Reviews

Madam Butterfly

Puccini’s most passionate opera is not the obvious candidate for a ‘pile ’em high’ Albert Hall extravaganza. Aida or Carmen, yes, but the delicate tale of Cio-Cio San is no epic and on paper it seems doomed to flounder under the weight of its own water garden. Still, this is the fourth revival of David Freeman’s arena staging, so he must be doing something right. The thousands who emerged elated from the first night would surely agree.

The style is traditional writ large. Freeman’s technical skills are prodigious: he fills each moment with visual felicity and his management of crowd scenes is an object lesson in how to stage chorus numbers. Yet there is not a trace of directorial vanity; every small detail is attuned to the mood of the moment and serves to advance the action. Freeman allows comic interludes to leaven the prevailing desolation (Sharpless’s distaste for Japanese cigarettes is nicely done), yet he also dares to isolate Butterfly in absolute stillness during her Act 2 vigil.
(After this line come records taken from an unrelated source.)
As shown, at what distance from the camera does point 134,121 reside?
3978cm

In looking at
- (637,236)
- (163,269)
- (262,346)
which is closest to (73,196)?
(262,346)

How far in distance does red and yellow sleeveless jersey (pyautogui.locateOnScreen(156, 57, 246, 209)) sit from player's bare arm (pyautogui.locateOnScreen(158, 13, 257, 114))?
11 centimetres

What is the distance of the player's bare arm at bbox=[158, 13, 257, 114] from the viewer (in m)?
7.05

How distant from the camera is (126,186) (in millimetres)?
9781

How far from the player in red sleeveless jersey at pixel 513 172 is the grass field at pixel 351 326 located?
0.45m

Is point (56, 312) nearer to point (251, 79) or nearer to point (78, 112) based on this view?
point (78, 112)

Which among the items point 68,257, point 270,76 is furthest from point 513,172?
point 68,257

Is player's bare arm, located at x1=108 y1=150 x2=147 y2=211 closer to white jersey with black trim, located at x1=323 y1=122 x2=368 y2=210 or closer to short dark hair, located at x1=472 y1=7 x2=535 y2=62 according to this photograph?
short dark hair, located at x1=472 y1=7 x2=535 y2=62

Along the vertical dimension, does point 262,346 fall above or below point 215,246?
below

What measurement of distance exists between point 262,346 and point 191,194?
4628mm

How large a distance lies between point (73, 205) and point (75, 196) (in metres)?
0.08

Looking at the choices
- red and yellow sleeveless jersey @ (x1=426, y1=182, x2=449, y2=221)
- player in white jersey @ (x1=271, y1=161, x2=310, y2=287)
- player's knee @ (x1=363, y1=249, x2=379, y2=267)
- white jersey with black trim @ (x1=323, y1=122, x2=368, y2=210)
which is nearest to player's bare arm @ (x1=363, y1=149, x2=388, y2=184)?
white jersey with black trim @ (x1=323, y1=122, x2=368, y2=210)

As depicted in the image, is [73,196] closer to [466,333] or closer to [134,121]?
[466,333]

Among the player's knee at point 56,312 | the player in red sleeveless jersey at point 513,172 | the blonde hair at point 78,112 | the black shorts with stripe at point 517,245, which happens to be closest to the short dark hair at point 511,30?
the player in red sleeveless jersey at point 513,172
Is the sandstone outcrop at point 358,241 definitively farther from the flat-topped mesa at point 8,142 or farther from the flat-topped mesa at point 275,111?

The visual splendour Andrew Bridge achieves in lighting David Roger’s meticulous set is all the more breathtaking for being realised through such economical means. Nothing is gratuitous, nothing is vulgar, and by some alchemy the creative team manages to create intimacy through scale. In Act 1 it takes no more than a few lanterns, some dry ice and a handful of floating tealights to make Pinkerton and Cio-Cio San’s love duet quite overwhelming.
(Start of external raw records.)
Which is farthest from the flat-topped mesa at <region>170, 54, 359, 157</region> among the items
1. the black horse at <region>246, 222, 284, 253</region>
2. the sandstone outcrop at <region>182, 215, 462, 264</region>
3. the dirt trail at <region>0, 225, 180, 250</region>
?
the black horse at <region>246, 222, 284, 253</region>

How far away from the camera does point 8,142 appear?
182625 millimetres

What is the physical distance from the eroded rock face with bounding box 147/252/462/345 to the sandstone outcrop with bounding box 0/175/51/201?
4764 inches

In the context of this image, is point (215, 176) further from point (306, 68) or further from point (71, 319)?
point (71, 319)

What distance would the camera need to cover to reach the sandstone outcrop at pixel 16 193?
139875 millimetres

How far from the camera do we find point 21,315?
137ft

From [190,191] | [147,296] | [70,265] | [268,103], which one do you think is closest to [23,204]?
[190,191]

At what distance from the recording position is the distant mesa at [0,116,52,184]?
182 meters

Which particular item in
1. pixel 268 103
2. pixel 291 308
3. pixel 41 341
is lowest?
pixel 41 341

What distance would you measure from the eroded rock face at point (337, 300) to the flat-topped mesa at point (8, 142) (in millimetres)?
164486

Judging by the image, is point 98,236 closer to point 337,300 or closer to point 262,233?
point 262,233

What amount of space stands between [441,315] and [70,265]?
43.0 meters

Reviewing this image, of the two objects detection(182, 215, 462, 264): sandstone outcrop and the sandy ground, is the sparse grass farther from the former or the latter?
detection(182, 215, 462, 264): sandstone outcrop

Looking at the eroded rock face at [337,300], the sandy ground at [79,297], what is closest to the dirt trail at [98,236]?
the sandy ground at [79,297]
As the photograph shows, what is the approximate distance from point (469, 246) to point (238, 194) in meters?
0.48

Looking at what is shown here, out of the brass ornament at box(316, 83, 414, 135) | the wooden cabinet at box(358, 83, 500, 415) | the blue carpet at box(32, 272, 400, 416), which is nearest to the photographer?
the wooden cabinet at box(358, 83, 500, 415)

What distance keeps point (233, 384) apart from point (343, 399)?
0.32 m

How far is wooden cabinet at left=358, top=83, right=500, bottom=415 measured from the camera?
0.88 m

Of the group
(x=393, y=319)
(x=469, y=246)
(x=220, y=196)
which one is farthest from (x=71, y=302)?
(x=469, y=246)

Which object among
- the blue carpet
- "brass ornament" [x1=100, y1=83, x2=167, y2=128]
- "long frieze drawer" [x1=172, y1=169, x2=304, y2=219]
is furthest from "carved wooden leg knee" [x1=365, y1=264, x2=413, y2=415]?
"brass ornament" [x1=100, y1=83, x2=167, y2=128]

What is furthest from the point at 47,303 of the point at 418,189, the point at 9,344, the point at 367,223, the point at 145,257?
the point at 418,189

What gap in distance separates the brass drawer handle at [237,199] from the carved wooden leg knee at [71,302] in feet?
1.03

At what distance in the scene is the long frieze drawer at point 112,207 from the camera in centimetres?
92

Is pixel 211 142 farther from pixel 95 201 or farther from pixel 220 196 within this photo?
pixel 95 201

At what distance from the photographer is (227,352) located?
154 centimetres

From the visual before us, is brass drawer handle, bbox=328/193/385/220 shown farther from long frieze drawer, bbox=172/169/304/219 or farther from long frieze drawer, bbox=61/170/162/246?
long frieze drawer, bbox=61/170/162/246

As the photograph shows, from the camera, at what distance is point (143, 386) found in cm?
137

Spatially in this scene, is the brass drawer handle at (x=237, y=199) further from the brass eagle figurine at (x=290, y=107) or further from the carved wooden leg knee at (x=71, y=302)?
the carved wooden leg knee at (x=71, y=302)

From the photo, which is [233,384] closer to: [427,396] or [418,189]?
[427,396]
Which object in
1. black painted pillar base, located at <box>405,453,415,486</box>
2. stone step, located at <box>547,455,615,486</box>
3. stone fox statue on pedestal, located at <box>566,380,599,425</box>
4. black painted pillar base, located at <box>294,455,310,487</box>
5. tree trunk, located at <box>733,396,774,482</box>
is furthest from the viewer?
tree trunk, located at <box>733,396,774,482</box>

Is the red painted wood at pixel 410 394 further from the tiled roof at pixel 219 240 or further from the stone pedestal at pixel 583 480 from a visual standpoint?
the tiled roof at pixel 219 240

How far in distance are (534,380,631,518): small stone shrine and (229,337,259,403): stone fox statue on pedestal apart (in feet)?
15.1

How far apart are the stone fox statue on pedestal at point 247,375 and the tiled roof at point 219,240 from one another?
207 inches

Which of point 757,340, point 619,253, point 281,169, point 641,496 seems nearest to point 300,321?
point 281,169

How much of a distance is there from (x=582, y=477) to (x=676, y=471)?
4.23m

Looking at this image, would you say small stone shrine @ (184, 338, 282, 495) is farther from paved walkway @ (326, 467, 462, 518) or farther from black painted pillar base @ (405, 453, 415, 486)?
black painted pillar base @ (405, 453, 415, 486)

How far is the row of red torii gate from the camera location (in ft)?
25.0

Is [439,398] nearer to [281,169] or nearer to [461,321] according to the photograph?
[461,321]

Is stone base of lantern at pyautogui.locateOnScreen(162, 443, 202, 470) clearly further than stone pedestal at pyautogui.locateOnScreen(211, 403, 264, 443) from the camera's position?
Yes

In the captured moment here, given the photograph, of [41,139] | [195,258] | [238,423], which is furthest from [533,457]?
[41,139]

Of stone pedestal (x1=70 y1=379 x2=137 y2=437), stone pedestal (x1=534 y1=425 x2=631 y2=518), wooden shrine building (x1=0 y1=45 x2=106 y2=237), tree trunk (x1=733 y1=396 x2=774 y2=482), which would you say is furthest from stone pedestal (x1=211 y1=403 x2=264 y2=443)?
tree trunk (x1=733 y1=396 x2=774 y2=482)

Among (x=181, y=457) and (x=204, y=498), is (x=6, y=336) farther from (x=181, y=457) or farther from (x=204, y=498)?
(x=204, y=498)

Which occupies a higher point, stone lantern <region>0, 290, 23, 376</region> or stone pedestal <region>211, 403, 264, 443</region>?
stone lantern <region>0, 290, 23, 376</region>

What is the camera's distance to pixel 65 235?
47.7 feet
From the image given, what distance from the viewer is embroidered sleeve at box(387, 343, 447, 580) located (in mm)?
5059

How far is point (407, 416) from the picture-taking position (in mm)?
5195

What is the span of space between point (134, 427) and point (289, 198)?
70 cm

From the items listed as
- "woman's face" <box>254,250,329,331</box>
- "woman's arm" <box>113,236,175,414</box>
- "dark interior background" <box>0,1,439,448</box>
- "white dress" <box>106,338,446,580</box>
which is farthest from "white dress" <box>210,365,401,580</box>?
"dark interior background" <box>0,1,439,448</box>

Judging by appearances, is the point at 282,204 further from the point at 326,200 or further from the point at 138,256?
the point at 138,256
The production’s unbroken three-week schedule necessitates a double and, in some cases, a triple cast. The singers selected to open the run had strength in depth: Nina Yoshida Nelsen was a fiercely protective Suzuki and Louis Otey a fretful, agitated Sharpless. Both sang with clarity and close attention to the dramatic nuances of Amanda Holden’s translation. Philip O’Brien was a complex and properly dislikeable Pinkerton, although of the principals he alone was guilty of forcing his voice in that vast space. As for Mihoko Kinoshita, she was a revelation in the title role. The Albert Hall may have been packed to the rafters, but no one drew breath as she and the humming chorus made their first appearance. Kinoshita has a rich, steady soprano tone – a touch unyielding, perhaps, but radiantly beautiful – and she moved effortlessly through Butterfly’s evolving states of mind so that the eager girl of Act 1 all too convincingly became the desperate soul of the evening’s end.

So much to praise; but there is an ugly side to the Albert Hall experience. With the Royal Philharmonic Orchestra booming out the grandest of grand opera performances under Oliver Gooch, the voices have to be amplified, and this is done with so much knob-twiddling and artificial reverb that the solo voices are drained of colour and bloom. Ears accustomed to natural vocal projection in the opera house soon become fatigued by the warehouse acoustic and the bingo-hall boom. It is hard to take and harder to enjoy; but never mind, this enchanting Madam Butterfly is awash with other pleasures.